2005-09-12 21:56:26

by Nuutti Kotivuori

[permalink] [raw]
Subject: netfilter QUEUE target and packet socket interactions buggy or not

I am in the process of debugging a kernel panic manifested on a Red
Hat Enterprise Linux 4 under rather difficult conditions. While
investigating this, I came upon a few bits of code that I'd like some
clarification on. However, I will start by describing the problem.

I am getting a consistent kernel panic under specific high load, which
involves heavy use of the netfilter QUEUE target and packet filter. I
will paraphrase the important parts of the backtrace here:

,----
| Unable to handle kernel NULL pointer dereference at virtual address 00000018
| ...
| __kfree_skb+0xf4/0xf7
| [<c02c3188>] packet_rcv+0x2ca/0x2d4
| [<f888f792>] bcm5700_start_xmit+0x477/0x4a5 [bcm5700]
| [<c01a3a02>] selinux_ipv4_postroute_last+0xf/0x13
| ...
| [<c028cf66>] dst_output+0xf/0x1a
| [<c027cfdb>] nf_reinject+0x14d/0x1a9
| [<f894101e>] ipq_issue_verdict+0x1e/0x2b [ip_queue]
| ...
| [<c028592c>] netlink_sendmsg+0x254/0x263
| [<c011dcf5>] __wake_up+0x29/0x3c
| [<c026b92d>] sock_sendmsg+0xdb/0xf7
| ...
| [<c0133b04>] unqueue_me+0x73/0x79
| [<c011dcf5>] __wake_up+0x29/0x3c
| [<c026d465>] sys_socketcall+0x1c1/0x1dd
| [<c0125351>] sys_gettimeofday+0x53/0xac
| [<c02c7377>] syscall_call+0x7/0xb
`----

So what I gather is happening here is that we are in syscall context,
inside that the nf_reinject stuff puts the queued packet decision
received from userspace onwards and it ends up being captured by a
packet socket. And for some reason, the packet ends up being
kfree_skb'd twice.

Two things caught my attention.
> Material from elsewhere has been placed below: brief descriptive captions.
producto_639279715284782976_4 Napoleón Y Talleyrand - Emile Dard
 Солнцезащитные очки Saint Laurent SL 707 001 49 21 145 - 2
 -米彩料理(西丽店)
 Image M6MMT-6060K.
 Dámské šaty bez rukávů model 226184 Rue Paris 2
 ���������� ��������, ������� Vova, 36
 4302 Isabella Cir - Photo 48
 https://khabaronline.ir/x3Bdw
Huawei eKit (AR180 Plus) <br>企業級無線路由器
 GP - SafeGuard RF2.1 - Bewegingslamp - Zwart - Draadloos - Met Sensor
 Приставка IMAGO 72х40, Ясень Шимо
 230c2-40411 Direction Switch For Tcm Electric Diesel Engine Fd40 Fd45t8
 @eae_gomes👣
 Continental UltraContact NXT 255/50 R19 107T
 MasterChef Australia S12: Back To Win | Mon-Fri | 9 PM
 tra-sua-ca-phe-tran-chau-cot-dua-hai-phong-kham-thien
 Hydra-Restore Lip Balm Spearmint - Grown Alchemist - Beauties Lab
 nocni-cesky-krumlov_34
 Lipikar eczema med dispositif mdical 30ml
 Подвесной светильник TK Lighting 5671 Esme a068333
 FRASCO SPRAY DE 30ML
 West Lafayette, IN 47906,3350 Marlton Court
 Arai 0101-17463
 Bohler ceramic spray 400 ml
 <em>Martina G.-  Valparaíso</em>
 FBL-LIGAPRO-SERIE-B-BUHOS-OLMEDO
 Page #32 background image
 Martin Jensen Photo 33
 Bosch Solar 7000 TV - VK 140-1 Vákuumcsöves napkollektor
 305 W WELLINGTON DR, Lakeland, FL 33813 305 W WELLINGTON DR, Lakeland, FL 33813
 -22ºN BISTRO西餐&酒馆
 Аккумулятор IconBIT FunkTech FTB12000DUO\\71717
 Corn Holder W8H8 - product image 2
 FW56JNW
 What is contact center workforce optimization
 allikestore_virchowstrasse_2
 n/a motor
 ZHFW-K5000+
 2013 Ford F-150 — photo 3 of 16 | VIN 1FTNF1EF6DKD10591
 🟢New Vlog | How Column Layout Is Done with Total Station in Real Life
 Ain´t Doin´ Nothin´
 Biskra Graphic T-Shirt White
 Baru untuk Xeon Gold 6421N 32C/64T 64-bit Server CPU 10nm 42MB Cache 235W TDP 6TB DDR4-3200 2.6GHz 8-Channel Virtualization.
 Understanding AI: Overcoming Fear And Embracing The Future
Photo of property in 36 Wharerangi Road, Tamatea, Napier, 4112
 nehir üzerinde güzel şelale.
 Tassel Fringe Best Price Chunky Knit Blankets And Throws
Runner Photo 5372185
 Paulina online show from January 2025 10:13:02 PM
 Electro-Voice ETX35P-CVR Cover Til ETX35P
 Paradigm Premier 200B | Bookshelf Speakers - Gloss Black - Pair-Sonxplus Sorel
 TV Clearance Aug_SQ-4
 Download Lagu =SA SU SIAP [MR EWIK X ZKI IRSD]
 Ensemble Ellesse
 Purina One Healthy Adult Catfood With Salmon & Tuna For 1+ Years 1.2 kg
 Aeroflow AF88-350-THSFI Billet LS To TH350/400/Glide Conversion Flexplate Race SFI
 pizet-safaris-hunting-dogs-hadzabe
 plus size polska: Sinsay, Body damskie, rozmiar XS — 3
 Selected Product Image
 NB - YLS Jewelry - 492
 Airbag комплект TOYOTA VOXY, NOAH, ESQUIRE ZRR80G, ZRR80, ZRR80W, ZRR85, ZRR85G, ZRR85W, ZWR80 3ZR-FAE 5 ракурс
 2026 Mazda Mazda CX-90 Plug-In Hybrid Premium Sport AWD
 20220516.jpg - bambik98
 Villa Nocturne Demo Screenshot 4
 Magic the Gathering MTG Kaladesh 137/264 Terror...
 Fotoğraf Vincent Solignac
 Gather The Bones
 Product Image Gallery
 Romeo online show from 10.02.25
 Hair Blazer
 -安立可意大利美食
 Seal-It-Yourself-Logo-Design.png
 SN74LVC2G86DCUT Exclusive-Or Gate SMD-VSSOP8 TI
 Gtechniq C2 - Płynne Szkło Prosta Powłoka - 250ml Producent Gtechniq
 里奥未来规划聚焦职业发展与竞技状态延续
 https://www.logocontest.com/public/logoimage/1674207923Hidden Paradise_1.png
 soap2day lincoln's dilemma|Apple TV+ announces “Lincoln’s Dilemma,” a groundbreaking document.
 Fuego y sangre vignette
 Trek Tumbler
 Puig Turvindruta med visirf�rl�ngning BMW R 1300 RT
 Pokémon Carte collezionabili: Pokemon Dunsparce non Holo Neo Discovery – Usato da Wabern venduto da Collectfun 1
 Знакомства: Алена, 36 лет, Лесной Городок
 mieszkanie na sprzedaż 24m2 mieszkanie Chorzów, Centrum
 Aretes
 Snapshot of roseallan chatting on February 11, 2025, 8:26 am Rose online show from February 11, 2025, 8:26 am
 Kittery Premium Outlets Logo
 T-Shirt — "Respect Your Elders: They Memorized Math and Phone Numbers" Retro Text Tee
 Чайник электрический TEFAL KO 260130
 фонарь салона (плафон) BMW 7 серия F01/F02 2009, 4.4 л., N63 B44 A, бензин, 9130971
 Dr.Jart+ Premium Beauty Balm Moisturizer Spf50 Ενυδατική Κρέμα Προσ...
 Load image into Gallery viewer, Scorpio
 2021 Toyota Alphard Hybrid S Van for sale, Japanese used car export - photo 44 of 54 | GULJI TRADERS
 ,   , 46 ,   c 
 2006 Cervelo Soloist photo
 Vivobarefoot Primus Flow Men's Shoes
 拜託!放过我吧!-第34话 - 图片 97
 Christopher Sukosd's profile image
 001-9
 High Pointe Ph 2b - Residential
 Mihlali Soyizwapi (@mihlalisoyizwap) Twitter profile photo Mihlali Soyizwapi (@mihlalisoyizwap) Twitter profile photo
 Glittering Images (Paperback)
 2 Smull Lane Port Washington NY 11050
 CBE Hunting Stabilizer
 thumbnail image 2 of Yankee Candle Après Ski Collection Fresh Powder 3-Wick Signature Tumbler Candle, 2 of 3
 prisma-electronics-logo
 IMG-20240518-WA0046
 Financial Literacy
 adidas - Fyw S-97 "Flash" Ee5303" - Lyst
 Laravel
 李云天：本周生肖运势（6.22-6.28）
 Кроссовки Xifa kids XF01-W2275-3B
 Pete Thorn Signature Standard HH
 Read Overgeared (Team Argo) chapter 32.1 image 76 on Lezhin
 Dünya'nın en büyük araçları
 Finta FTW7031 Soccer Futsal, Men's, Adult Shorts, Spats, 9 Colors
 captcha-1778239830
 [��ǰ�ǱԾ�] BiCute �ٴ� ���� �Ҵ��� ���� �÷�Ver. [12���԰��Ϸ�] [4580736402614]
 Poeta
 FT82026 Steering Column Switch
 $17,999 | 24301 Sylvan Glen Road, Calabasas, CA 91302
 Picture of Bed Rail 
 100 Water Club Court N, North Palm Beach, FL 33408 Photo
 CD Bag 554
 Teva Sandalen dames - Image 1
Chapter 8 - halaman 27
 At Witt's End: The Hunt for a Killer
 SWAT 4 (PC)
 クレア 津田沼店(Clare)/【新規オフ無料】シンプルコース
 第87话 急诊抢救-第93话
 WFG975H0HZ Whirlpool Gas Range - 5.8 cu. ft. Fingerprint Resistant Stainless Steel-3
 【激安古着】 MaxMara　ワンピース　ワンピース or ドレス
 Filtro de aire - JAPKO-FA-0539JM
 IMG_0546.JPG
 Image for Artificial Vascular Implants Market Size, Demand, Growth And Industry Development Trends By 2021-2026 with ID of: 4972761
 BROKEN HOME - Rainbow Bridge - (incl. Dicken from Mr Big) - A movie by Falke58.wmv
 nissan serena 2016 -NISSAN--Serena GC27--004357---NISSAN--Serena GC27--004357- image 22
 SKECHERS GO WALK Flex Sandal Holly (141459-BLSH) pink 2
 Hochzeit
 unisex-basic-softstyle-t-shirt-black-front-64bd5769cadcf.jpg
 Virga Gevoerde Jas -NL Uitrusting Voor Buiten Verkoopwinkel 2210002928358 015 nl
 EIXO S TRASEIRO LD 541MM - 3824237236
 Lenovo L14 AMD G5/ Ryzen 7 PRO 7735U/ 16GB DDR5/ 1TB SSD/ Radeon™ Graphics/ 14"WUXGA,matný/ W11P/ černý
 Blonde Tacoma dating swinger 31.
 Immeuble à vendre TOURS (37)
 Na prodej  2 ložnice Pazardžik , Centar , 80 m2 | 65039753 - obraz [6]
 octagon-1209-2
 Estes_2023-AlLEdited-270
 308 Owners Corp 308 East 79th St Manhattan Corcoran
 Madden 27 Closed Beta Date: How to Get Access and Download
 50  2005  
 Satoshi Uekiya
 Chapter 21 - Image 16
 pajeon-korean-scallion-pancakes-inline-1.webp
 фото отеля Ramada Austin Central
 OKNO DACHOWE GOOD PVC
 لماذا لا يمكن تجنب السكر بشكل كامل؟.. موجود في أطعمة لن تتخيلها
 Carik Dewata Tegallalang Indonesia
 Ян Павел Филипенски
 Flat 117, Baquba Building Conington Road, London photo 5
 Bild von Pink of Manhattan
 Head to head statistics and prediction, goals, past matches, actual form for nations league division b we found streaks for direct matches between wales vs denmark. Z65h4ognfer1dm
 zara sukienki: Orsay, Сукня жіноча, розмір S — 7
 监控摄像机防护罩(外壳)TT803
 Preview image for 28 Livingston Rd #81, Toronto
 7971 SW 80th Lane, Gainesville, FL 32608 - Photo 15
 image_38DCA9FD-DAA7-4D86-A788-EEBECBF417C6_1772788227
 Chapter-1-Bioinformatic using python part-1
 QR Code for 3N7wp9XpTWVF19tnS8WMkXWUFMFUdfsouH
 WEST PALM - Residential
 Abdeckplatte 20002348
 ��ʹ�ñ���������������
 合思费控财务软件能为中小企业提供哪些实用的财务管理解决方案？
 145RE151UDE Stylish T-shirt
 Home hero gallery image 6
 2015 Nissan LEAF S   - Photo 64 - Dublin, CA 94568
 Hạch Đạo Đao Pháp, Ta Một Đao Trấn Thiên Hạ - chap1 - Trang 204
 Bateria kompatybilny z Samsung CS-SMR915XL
First of all, there was a relatively
recent fix to ip_queue which had to do with the calling context. I
will copy the rationale here:

,----[ Harald Welte <laforge at netfilter.org> ]
| [NETFILTER]: Fix deadlock with ip_queue and tcp local input path.
|
| When we have ip_queue being used from LOCAL_IN, then we end up with a
| situation where the verdicts coming back from userspace traverse the TCP
| input path from syscall context. While this seems to work most of the
| time, there's an ugly deadlock:
|
| syscall context is interrupted by the timer interrupt. When the timer
| interrupt leaves, the timer softirq get's scheduled and calls
| tcp_delack_timer() and alike. They themselves do bh_lock_sock(sk),
| which is already held from somewhere else -> boom.
|
| I've now tested the suggested solution by Patrick McHardy and Herbert
| Xu to simply use local_bh_{en,dis}able().
`----

Second, I went looking at the packet socket code and found this
comment:

,----
| This function makes lazy skb cloning in hope that most of packets
| are discarded by BPF.
|
| Note tricky part: we DO mangle shared skb! skb->data, skb->len
| and skb->cb are mangled. It works because (and until) packets
| falling here are owned by current CPU. Output packets are cloned
| by dev_queue_xmit_nit(), input packets are processed by net_bh
| sequencially, so that if we return skb to original state on exit,
| we will not harm anyone.
`----

But are those assumptions valid in the obscure case of us being in the
syscall context, receiving a queued packet from userspace? In any
case, by looking at the disassembly and at the stacktrace, it seems
that the incoming skb is not shared and gets dropped by one of the
goto clauses. The crashing call is the kfree_skb at the very end of
the af_packet.c:packet_rcv function.

I am putting this mail here as a heads up if someone manages to
instantly spot what's wrong with this setup. I will continue debugging
the real cause, and eliminating all the possible variables, seeing
whether this is an SMP problem, checking if it can be manifested with
a vanilla kernel and such.

A detailed dump of the crash can be found at:

https://bugzilla.redhat.com/bugzilla/attachment.cgi?id=118541

Warm fuzzies,
-- Naked


2005-09-12 22:11:16

by David Miller

[permalink] [raw]
Subject: Re: netfilter QUEUE target and packet socket interactions buggy or not

From: Nuutti Kotivuori <[email protected]>
Date: Tue, 13 Sep 2005 01:12:26 +0300

> ,----
> | Unable to handle kernel NULL pointer dereference at virtual address 00000018
> | ...
> | __kfree_skb+0xf4/0xf7
> | [<c02c3188>] packet_rcv+0x2ca/0x2d4
> | [<f888f792>] bcm5700_start_xmit+0x477/0x4a5 [bcm5700]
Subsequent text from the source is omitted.